Terremoto L’Aquila, i due miliardi stanziati dall’Inail bloccati dalla burocrazia
Sono passati millesettecento giorni circa dal terremoto che ha colpito L'Aquila. Quattro anni e mezzo durante i quali molto si è detto e poco si è fatto, evidentemente, per ridestare una città devastata. Anche di fronte ad una tragedia di simili proporzioni (309 morti, senza considerare i danni provocati dal sisma) la (mala)burocrazia italiana non sia riuscita ancora ad assicura un minimo di criterio ed efficienza. Oggi il Corriere della Sera scrive infatti di come del tesoretto da 2 miliardi messo a disposizione dall’Inail per la ricostruzione non sia stato ancora speso un euro. Nel frattempo il centro storico del L'Aquila è ancora fermo: transenne, palazzi celati dai ponteggi, silenzio ‘rumoroso'. Quei soldi, scrive Lorenzo Salvia sul Corsera, sarebbero dovuti servire per recuperare il centro storico, rimettere a posto le strutture sanitarie, creare un nuovo campus universitario, oltre che per interventi mirati sui beni culturali e sul tessuto urbano. E invece non sono stati neanche minimamente toccati, come conferma Giuseppe Lucibello, direttore generale dell’Istituto per l’assicurazione contro gli infortuni sul lavoro: "La cosa fa una certa rabbia ma, purtroppo, quei fondi non sono stati nemmeno toccati", dice al quotidiano di via Solferino.

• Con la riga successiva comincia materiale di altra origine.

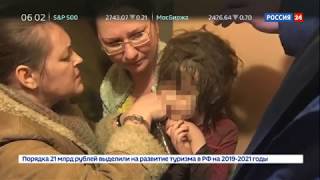 Детский омбудсмен Анна Кузнецова взяла под личный контроль дело "девочки-маугли"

Ma com'è potuto succedere che quei soldi non siano mai arrivati a destinazione? Lo spiega il Corriere:
L’istituto è uno dei pochissimi pezzi della pubblica amministrazione che chiude i suoi conti in attivo: i contributi incassati superano le indennità erogate e il surplus viene girato per legge al Tesoro che lo usa per tenere in equilibrio i conti pubblici. Dopo il terremoto dell’Aquila, però, si decide di fare un’eccezione e riservare una parte di quei soldi alla ricostruzione. Il primo peccato è stato originale. Si era previsto che gli interventi dell’Inail potessero avvenire solo nella cosiddetta forma indiretta. E cioè con un lungo procedimento che comincia con il bando, prosegue con le manifestazioni di interesse, per poi passare alla valutazione dei progetti da parte di un advisor e chiudere con l’analisi di compatibilità fatta dai ministeri vigilanti.
Troppi passaggi, troppe norme: alla fine, non se n'è più fatto niente. E così, mentre scarseggiano i soldi per la ricostruzione, in cassaforte sonnecchiano due miliardi di euro che nessuno vuole.